Hi, Greg; couldn't you just use a Forstner bit, perhaps a couple or three separate holes in line? Say 3 - 1 1/4" holes, or even better, size the holes for the readily available plastic inserts commonly used for AV or computer desks:
Sliding Cable Grommets - Lee Valley Tools
Plastic Cord Grommets - Lee Valley Tools
Check out page 218-219 of their HARDWARE CATALOGUE for a big assortment of styles and sizes Lee Valley Tools - Online Catalog


----------



## mgmine (Jan 16, 2012)

John is right on if you want to make it like the picture, Dan is right on if you want to just add nice looking holes. Either way will work.


----------



## Mike (Nov 22, 2004)

Greg, is the shape of the hose opening important for your design?


----------



## giltic (Sep 27, 2010)

Just be creative. You don't have to do all by the plan. If I got it right this hole is just for hoses so Forstner bits will do a fine job. There is also a jigsaw and a small peace of grinding paper for example.


----------



## apache67 (Dec 5, 2012)

Mike said:


> Greg, is the shape of the hose opening important for your design?

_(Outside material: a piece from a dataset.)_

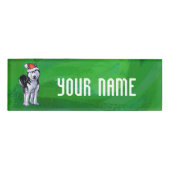 Badge D'identification Husky festif à Santa Hat sur Vert (Devant)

Thanks for all the comments guys. No the shape isn't important from a functional standpoint. The cut shape is just a signature feature of an ADA stand. 

These stands are ridiculously expensive to buy and ship (that, is if you can even find one). There are only two dealers in the US that sell ADA products (Houston and San Fran).

Because of the high price and the lack of availability, I decided to build my own.

Thanks!

Greg


----------